» **REQUIREMENT**: Your answer must match the records word for word and contain no pictures.

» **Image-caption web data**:
----------

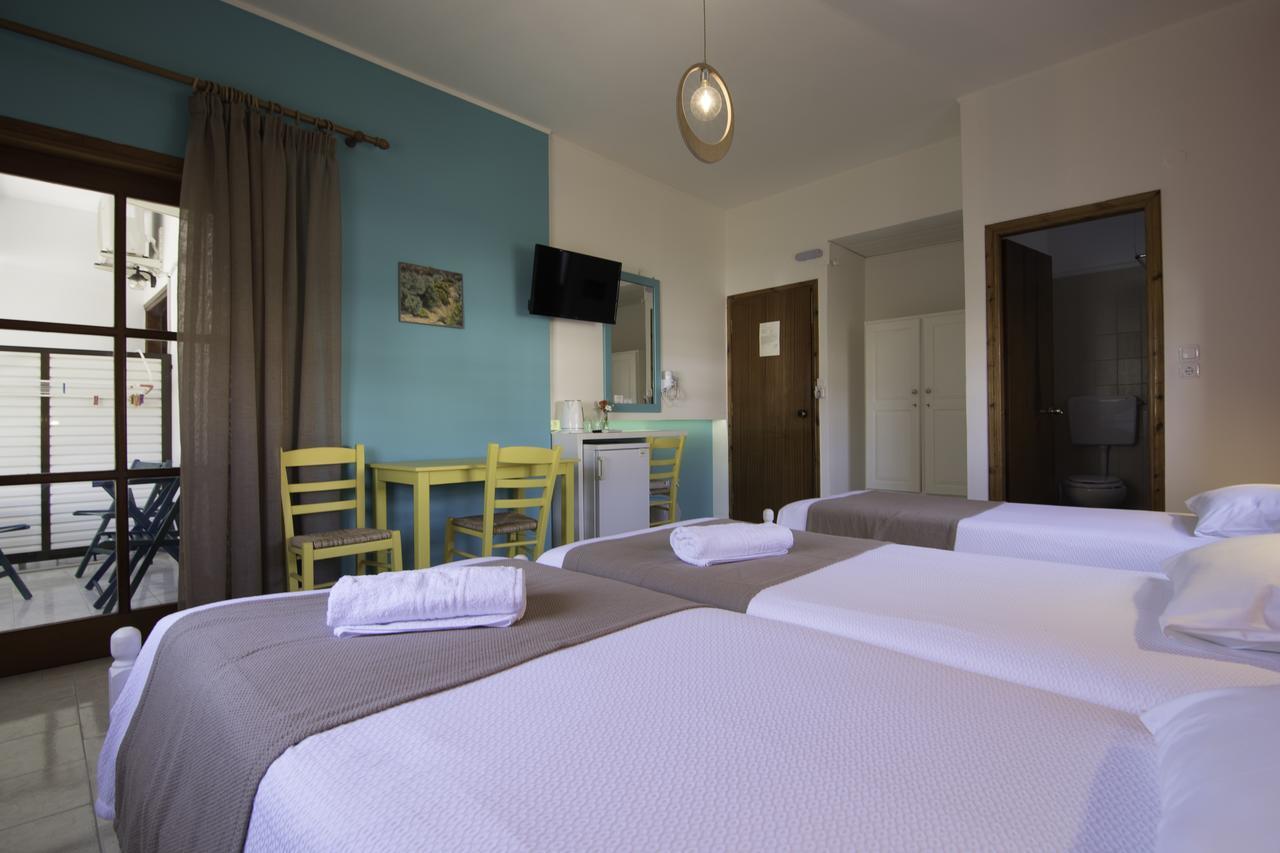Niki Rooms Палиохора Екстериор снимка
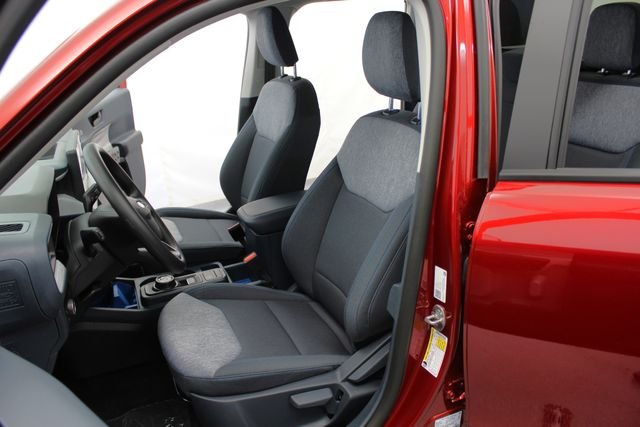 New 2026 Ruby Red Metallic Tinted Clearcoat Ford XLT image 15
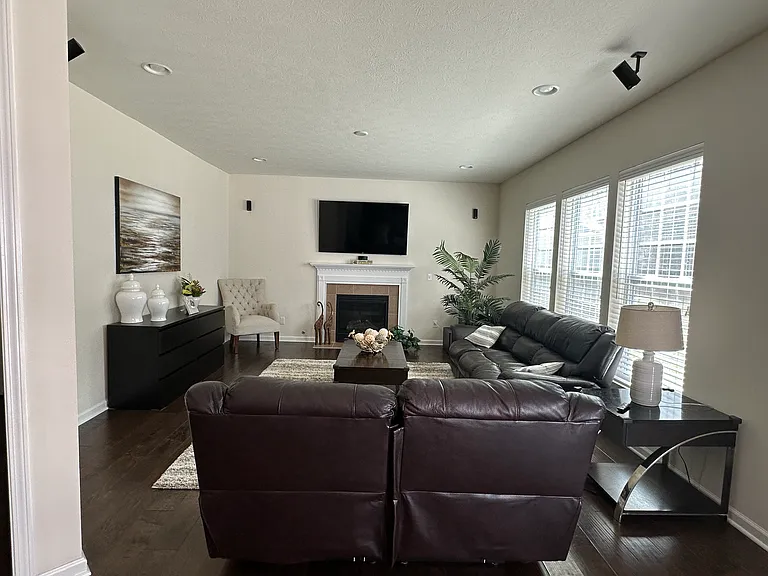 716 Yorkshire Dr — Photo 13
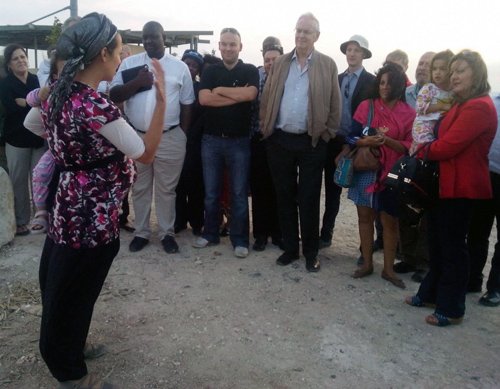 Ma'ale Adumim resident meets with international group of parliamentarians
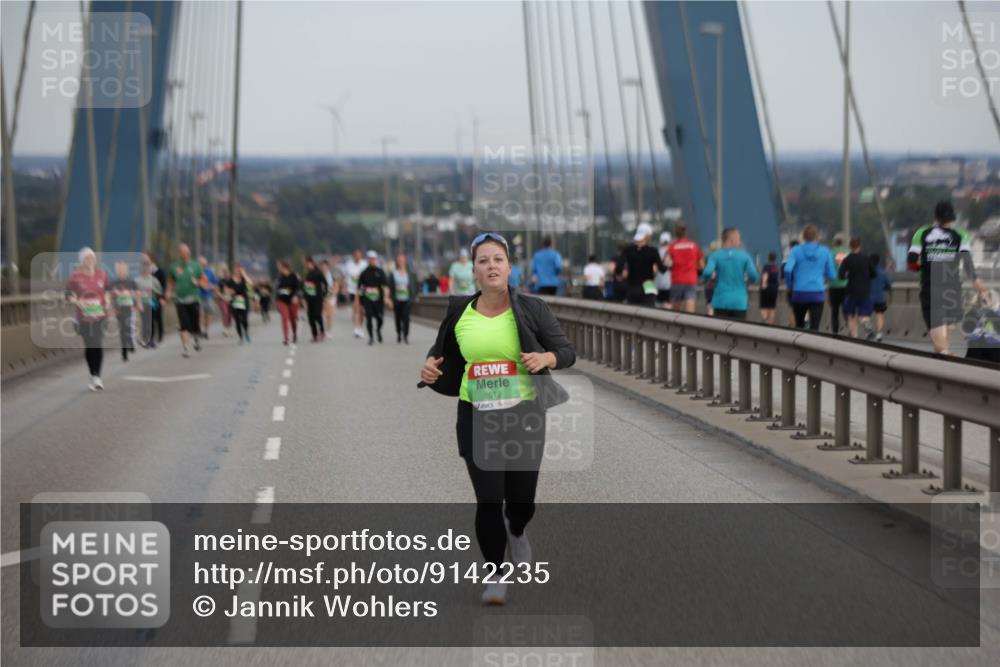 03.10.2025 - Köhlbrandbrückenlauf Jannik Wohlers http://msf.ph/oto/9142235 03.10.2025 15:41:29 Position 1 8512 meine-sportfotos.de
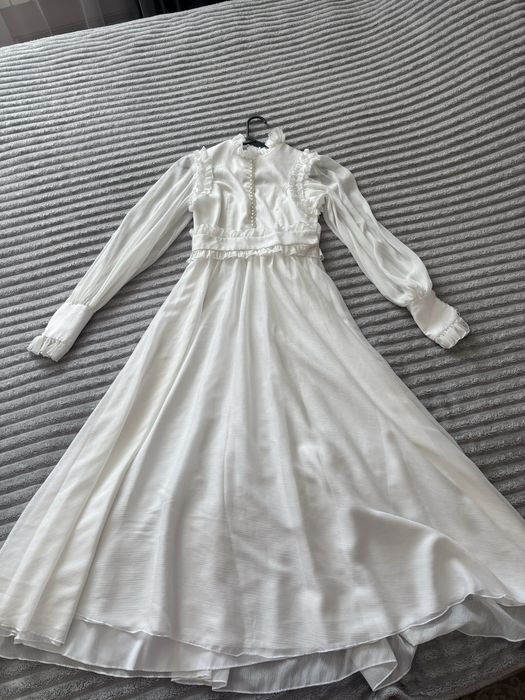 Продам белое платье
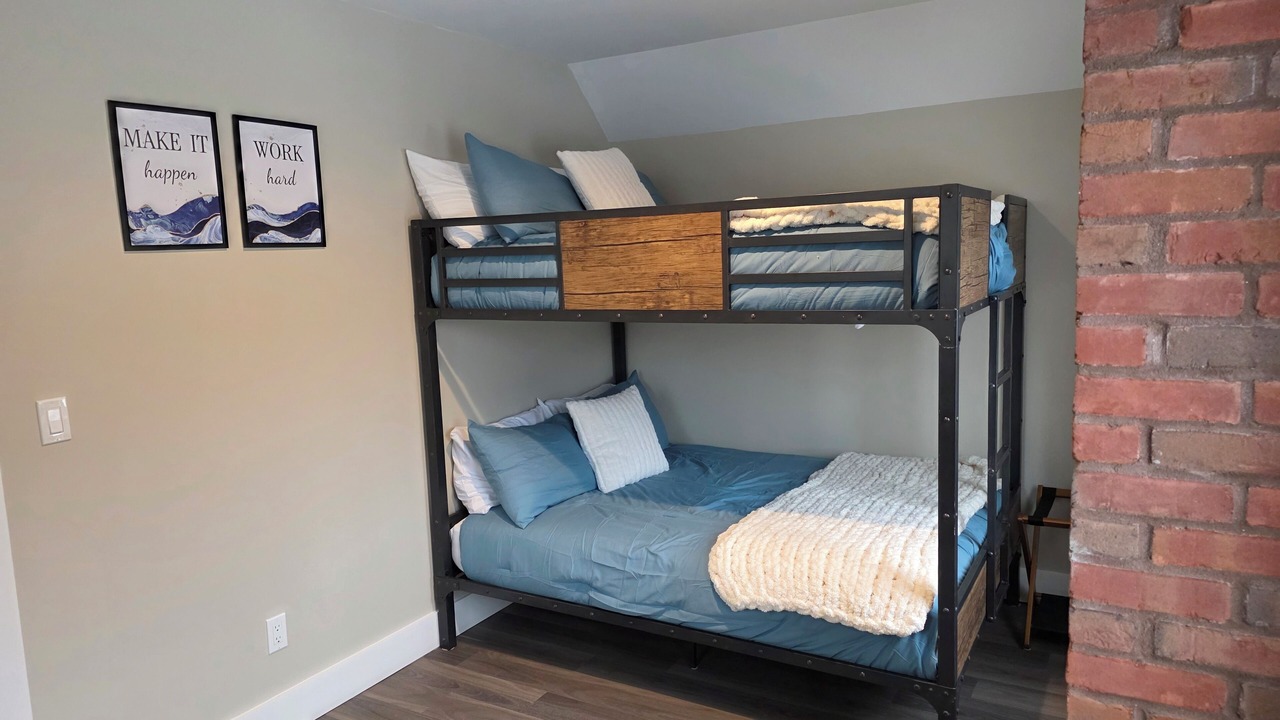 Photo of Bedroom in East Burke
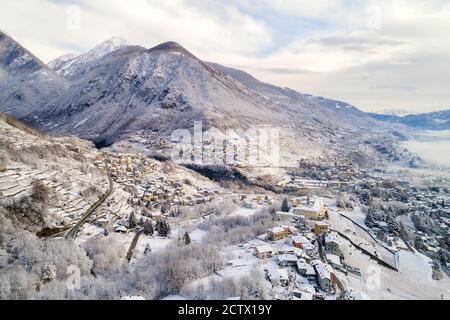 Valtellina (IT) - Vista aerea panoramica invernale del Convento Di San Lorenzo in Sondrio Foto Stock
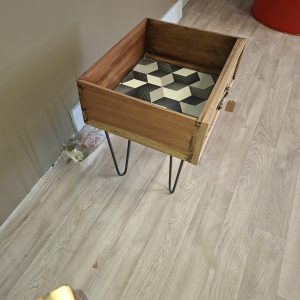 La Petite Table Tiroir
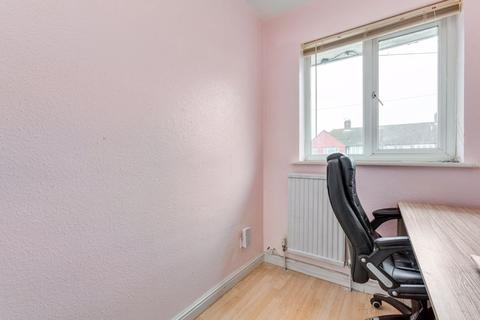 48 Caverleigh Way, Worcester Park, KT4 8DG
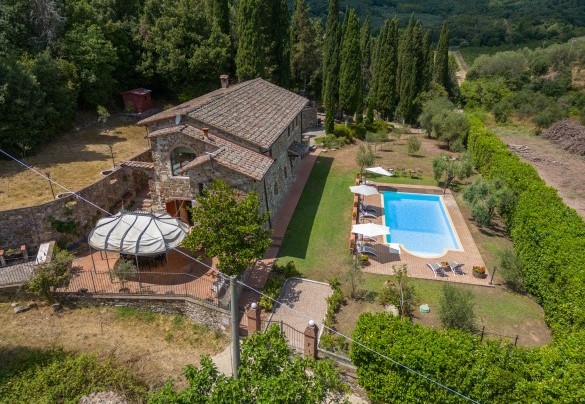 Si accede alla struttura da un cancello automatico in ferro che sia apre sul giardino – Podere Montioni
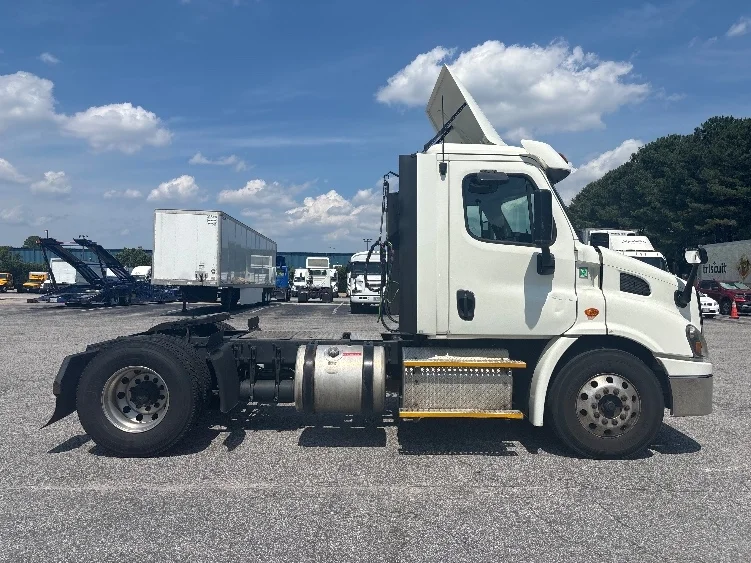 2017 Freightliner Cascadia in Prince George, VA — photo 8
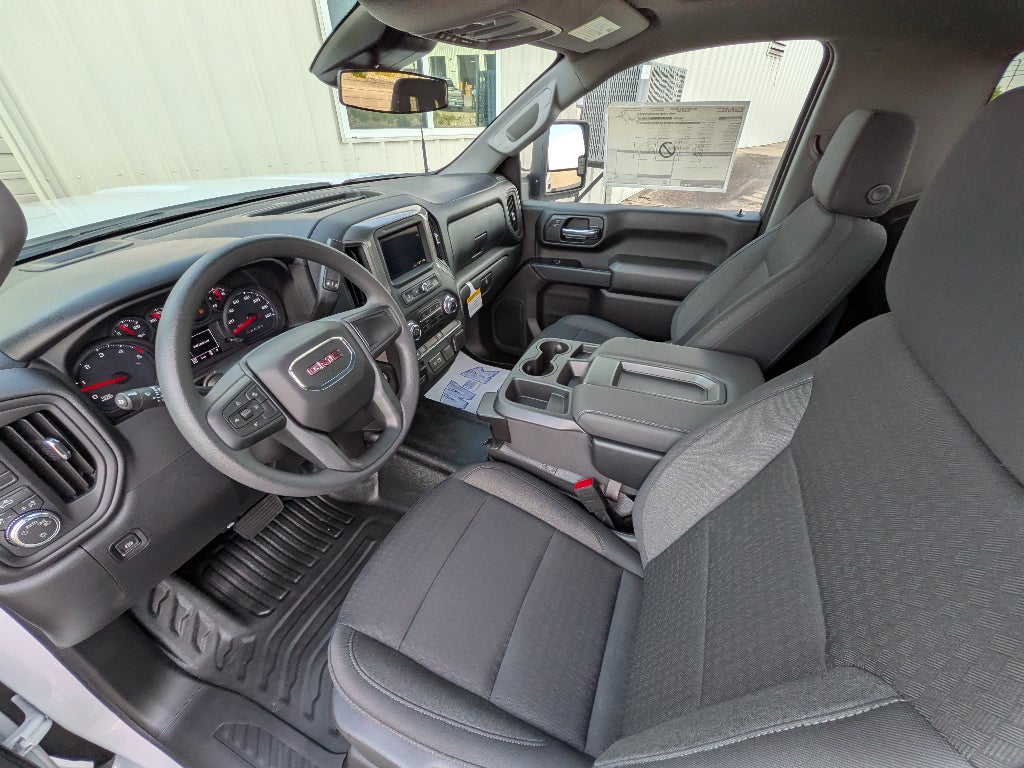 2026 GMC Sierra 3500 HD Chassis Cab Pro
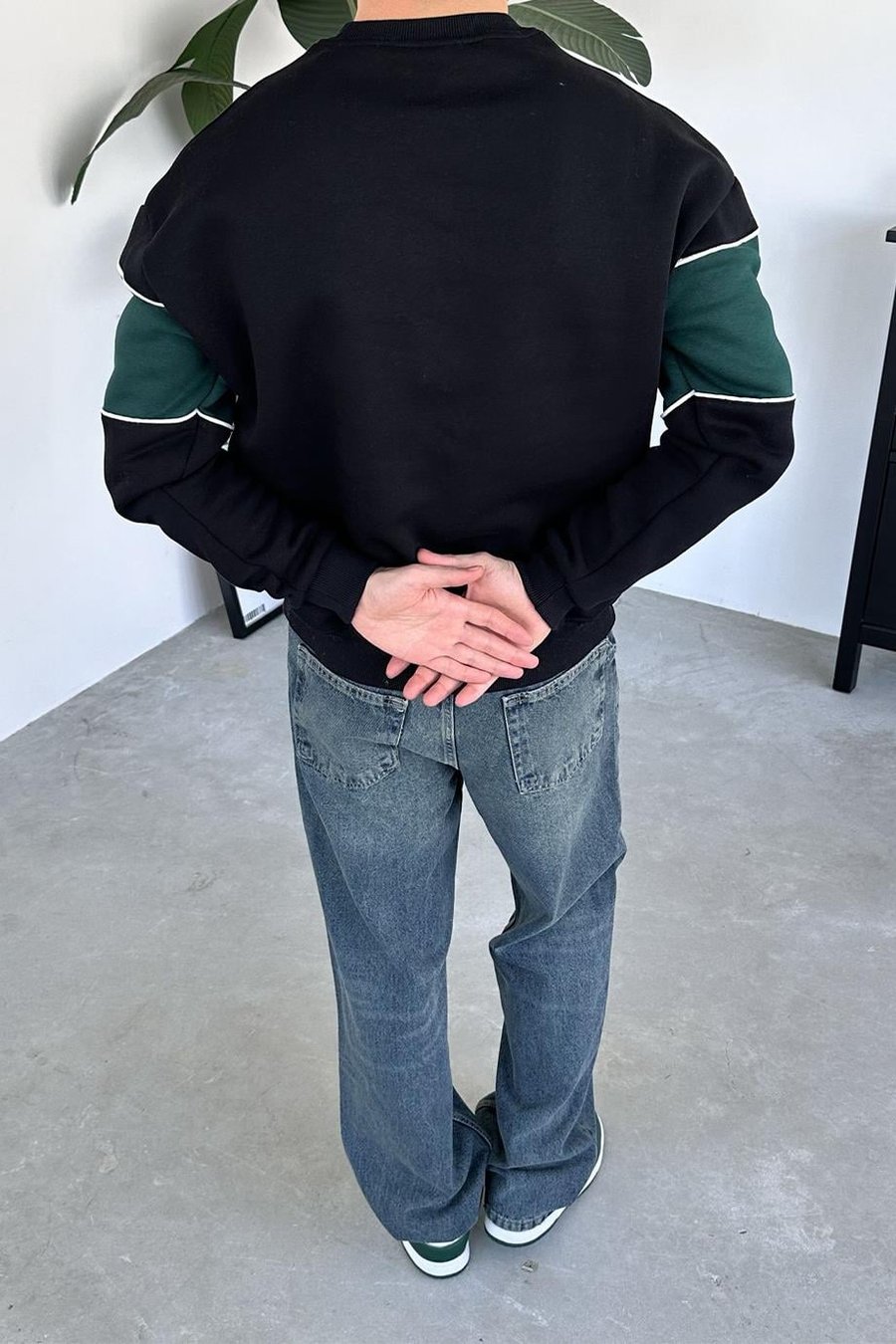 Siyah Welcome Nakışlı Oversize Sweat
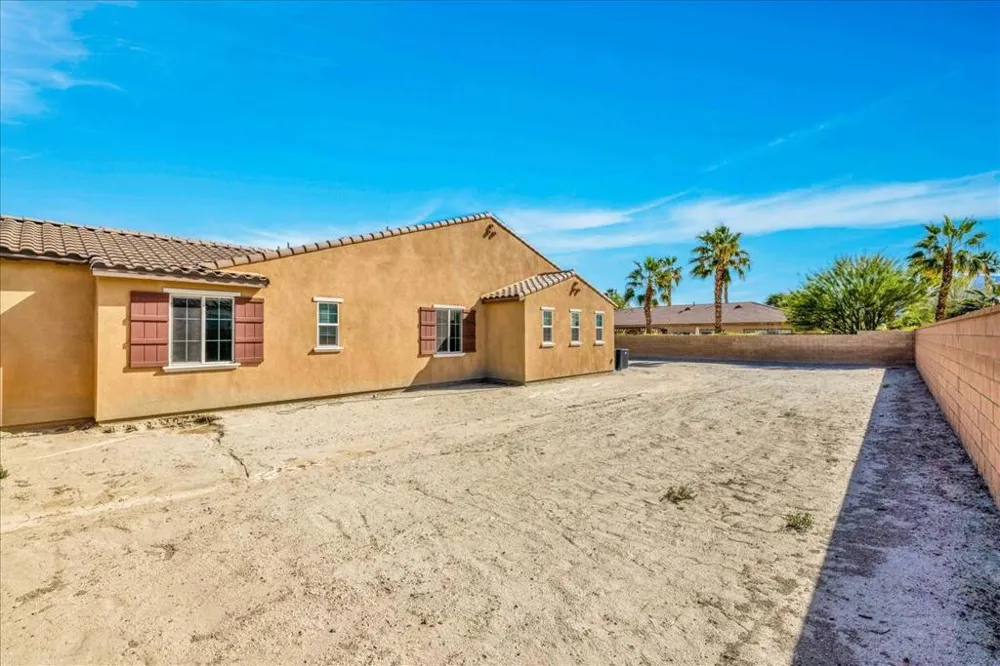 81835 Vida Bella Drive La Quinta, CA 92253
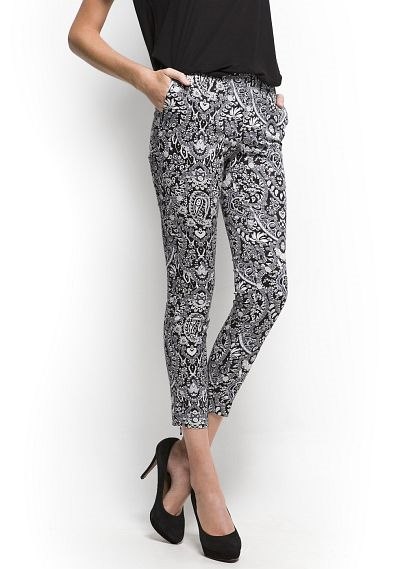 Omiljene hlače s printom Alessandre Ambrosio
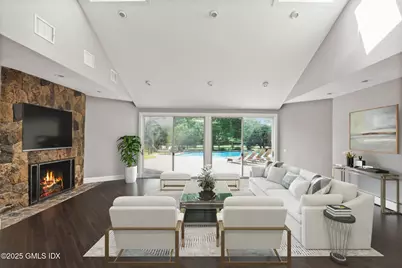 6 Reynwood Manor, Greenwich, CT 06831 - Photo 8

----------

» **EXERCISE SOLUTION**:
Niki Rooms Палиохора Екстериор снимка
 New 2026 Ruby Red Metallic Tinted Clearcoat Ford XLT image 15
 716 Yorkshire Dr — Photo 13
 Ma'ale Adumim resident meets with international group of parliamentarians
 03.10.2025 - Köhlbrandbrückenlauf Jannik Wohlers http://msf.ph/oto/9142235 03.10.2025 15:41:29 Position 1 8512 meine-sportfotos.de
 Продам белое платье
 Photo of Bedroom in East Burke
 Valtellina (IT) - Vista aerea panoramica invernale del Convento Di San Lorenzo in Sondrio Foto Stock
 La Petite Table Tiroir
 48 Caverleigh Way, Worcester Park, KT4 8DG
 Si accede alla struttura da un cancello automatico in ferro che sia apre sul giardino – Podere Montioni
 2017 Freightliner Cascadia in Prince George, VA — photo 8
 2026 GMC Sierra 3500 HD Chassis Cab Pro
 Siyah Welcome Nakışlı Oversize Sweat
 81835 Vida Bella Drive La Quinta, CA 92253
 Omiljene hlače s printom Alessandre Ambrosio
 6 Reynwood Manor, Greenwich, CT 06831 - Photo 8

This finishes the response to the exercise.